Retype the records below from their first line through the line containing "forest species the", and include nothing else.

(Data entries)
◇ ◇ ◇

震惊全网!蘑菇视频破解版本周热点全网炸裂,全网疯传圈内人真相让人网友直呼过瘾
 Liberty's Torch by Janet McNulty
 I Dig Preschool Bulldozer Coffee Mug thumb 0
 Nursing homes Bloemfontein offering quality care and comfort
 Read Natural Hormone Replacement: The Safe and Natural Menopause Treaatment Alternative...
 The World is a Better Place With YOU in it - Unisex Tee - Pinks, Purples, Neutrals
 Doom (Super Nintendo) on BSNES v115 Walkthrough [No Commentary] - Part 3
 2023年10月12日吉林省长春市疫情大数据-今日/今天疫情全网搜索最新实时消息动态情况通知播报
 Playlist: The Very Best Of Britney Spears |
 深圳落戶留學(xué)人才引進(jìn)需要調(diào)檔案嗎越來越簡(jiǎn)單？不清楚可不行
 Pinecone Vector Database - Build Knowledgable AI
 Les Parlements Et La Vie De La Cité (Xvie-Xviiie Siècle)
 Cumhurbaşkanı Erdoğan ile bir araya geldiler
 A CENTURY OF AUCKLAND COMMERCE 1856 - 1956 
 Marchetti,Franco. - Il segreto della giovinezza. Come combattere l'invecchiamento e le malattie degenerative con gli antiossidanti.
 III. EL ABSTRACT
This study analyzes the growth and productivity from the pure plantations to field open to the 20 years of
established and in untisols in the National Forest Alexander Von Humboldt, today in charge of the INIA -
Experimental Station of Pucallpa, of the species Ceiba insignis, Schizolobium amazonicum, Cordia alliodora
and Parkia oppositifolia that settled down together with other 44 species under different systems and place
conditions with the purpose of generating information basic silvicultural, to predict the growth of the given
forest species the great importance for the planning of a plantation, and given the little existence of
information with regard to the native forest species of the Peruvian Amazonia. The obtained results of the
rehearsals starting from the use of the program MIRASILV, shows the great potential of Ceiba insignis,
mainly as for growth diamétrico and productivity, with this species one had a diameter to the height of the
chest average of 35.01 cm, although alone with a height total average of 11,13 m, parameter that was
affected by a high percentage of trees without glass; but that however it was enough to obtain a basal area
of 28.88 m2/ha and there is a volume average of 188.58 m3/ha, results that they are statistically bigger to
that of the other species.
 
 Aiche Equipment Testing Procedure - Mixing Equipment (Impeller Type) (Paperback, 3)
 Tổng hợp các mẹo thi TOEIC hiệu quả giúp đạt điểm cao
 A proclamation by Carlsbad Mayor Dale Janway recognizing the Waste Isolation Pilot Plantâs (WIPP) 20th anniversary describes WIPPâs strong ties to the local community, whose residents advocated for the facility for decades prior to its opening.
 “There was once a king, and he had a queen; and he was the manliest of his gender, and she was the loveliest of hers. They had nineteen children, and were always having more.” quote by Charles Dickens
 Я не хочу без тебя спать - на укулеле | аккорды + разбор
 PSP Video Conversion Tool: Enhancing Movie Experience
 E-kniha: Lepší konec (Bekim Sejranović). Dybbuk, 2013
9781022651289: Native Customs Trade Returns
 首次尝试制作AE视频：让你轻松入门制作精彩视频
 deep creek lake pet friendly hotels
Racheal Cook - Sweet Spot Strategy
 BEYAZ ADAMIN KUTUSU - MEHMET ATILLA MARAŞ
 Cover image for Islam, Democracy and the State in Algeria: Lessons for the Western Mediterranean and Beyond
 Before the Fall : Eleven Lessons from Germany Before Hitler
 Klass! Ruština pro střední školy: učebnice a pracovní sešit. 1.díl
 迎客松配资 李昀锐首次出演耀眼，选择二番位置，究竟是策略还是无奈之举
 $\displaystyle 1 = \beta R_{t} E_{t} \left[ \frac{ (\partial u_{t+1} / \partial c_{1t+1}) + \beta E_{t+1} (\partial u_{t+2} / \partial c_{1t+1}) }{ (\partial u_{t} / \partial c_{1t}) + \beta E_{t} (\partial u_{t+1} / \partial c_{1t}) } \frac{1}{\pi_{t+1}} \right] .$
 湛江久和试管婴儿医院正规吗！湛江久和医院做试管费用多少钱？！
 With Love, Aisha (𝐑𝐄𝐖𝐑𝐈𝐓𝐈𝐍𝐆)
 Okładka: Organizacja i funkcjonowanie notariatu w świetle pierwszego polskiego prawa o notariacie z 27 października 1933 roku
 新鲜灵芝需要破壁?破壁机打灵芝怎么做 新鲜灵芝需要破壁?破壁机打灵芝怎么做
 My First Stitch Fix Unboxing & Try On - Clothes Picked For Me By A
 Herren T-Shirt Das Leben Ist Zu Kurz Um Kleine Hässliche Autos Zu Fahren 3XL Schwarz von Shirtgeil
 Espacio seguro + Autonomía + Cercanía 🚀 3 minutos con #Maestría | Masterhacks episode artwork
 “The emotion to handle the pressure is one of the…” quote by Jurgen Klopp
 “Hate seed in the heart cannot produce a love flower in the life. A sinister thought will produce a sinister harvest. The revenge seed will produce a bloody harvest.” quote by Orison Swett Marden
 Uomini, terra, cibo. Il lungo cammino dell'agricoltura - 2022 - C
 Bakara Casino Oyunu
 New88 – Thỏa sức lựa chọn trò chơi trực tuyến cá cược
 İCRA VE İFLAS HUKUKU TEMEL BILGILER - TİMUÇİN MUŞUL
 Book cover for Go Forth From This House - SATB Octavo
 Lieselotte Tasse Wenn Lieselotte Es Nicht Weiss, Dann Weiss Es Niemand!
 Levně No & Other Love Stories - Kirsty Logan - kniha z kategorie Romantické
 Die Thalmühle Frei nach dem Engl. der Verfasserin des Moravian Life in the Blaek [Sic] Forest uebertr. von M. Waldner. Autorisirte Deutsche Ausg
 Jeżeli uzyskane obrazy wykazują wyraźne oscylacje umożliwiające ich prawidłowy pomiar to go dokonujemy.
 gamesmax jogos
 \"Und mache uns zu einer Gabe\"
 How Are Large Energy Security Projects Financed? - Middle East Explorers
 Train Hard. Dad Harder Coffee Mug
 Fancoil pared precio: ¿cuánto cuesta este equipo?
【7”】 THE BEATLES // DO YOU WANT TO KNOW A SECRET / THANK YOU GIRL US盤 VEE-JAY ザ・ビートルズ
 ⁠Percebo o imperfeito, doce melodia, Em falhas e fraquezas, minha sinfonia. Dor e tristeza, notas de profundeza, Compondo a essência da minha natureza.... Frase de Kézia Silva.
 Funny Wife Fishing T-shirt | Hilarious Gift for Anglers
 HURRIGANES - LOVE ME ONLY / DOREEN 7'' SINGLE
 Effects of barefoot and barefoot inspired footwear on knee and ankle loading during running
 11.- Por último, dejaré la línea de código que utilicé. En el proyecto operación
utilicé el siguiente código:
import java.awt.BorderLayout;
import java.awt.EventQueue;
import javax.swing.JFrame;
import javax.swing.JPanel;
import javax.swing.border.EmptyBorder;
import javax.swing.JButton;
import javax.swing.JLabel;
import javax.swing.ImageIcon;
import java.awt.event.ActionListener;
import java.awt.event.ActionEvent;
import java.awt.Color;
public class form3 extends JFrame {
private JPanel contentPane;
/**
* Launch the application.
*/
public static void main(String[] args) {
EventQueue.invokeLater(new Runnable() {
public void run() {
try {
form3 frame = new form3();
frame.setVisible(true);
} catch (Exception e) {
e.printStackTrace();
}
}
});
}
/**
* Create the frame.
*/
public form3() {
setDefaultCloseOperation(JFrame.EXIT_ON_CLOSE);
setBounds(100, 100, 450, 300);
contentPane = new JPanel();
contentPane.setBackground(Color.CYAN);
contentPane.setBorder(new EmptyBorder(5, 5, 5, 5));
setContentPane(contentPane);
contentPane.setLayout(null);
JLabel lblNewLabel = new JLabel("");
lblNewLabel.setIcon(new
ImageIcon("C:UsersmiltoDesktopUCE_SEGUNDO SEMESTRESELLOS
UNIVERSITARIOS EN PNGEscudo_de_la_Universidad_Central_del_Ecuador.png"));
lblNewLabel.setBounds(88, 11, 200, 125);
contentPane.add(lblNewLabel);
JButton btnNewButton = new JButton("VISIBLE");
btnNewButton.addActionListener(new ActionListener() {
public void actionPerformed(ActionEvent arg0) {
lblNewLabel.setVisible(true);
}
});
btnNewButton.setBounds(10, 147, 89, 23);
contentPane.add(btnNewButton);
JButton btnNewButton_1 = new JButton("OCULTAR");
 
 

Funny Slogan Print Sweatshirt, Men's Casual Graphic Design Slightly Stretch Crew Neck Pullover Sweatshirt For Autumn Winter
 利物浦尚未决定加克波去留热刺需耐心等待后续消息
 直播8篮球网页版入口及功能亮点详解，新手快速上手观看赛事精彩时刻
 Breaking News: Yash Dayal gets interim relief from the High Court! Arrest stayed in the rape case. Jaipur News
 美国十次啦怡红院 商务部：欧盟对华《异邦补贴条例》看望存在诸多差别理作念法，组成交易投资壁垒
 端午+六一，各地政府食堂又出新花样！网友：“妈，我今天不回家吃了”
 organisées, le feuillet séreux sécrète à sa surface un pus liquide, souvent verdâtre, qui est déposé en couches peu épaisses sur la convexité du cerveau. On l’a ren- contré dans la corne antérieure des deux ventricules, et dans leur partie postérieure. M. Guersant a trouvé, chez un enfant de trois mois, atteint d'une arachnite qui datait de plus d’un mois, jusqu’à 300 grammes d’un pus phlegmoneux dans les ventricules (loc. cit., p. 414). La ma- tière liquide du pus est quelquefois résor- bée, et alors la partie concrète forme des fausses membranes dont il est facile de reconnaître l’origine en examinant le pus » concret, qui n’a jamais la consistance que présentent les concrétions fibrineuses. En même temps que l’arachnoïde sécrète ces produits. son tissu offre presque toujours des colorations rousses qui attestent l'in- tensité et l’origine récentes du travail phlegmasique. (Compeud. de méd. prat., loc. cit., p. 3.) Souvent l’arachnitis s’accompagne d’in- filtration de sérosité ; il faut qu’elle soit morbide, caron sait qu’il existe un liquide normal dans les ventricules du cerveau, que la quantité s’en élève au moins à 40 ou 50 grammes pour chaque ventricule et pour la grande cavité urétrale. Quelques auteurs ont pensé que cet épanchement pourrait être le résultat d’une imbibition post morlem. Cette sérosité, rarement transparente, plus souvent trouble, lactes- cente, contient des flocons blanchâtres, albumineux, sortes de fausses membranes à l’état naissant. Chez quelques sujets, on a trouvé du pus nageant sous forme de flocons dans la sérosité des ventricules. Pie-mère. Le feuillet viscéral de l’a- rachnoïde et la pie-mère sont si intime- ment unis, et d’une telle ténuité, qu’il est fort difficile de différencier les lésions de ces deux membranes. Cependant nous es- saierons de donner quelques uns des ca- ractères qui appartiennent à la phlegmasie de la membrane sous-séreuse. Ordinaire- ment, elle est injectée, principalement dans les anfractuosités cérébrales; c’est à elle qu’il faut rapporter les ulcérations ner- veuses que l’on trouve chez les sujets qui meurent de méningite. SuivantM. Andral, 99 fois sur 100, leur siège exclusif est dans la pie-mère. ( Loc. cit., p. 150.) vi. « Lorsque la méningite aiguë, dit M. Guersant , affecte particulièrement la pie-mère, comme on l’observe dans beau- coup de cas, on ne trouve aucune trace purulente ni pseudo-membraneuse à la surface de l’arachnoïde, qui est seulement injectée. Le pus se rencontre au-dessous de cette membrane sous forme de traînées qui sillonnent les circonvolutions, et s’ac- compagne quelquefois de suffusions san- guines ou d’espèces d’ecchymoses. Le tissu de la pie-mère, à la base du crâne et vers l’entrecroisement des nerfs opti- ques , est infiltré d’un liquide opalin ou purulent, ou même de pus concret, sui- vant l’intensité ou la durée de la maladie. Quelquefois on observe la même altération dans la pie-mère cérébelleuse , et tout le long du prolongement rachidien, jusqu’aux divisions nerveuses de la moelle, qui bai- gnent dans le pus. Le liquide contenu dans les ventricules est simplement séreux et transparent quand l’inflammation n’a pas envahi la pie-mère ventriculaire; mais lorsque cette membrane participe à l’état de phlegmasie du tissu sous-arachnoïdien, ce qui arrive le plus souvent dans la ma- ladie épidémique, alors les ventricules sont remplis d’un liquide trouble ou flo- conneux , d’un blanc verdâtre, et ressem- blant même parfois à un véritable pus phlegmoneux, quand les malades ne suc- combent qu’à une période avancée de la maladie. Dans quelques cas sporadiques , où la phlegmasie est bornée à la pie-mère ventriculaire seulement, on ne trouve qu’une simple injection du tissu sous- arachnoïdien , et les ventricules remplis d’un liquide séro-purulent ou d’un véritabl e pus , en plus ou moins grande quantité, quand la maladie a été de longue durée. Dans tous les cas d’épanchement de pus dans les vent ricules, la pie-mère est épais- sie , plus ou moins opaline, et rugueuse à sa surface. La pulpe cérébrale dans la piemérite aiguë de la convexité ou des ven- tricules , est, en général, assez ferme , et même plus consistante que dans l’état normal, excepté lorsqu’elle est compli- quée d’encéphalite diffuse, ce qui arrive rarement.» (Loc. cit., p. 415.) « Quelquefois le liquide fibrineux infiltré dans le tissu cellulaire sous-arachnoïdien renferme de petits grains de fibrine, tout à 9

◇ ◇ ◇

(Response box)
震惊全网!蘑菇视频破解版本周热点全网炸裂,全网疯传圈内人真相让人网友直呼过瘾
 Liberty's Torch by Janet McNulty
 I Dig Preschool Bulldozer Coffee Mug thumb 0
 Nursing homes Bloemfontein offering quality care and comfort
 Read Natural Hormone Replacement: The Safe and Natural Menopause Treaatment Alternative...
 The World is a Better Place With YOU in it - Unisex Tee - Pinks, Purples, Neutrals
 Doom (Super Nintendo) on BSNES v115 Walkthrough [No Commentary] - Part 3
 2023年10月12日吉林省长春市疫情大数据-今日/今天疫情全网搜索最新实时消息动态情况通知播报
 Playlist: The Very Best Of Britney Spears |
 深圳落戶留學(xué)人才引進(jìn)需要調(diào)檔案嗎越來越簡(jiǎn)單？不清楚可不行
 Pinecone Vector Database - Build Knowledgable AI
 Les Parlements Et La Vie De La Cité (Xvie-Xviiie Siècle)
 Cumhurbaşkanı Erdoğan ile bir araya geldiler
 A CENTURY OF AUCKLAND COMMERCE 1856 - 1956 
 Marchetti,Franco. - Il segreto della giovinezza. Come combattere l'invecchiamento e le malattie degenerative con gli antiossidanti.
 III. EL ABSTRACT
This study analyzes the growth and productivity from the pure plantations to field open to the 20 years of
established and in untisols in the National Forest Alexander Von Humboldt, today in charge of the INIA -
Experimental Station of Pucallpa, of the species Ceiba insignis, Schizolobium amazonicum, Cordia alliodora
and Parkia oppositifolia that settled down together with other 44 species under different systems and place
conditions with the purpose of generating information basic silvicultural, to predict the growth of the given
forest species the great importance for the planning of a plantation, and given the little existence of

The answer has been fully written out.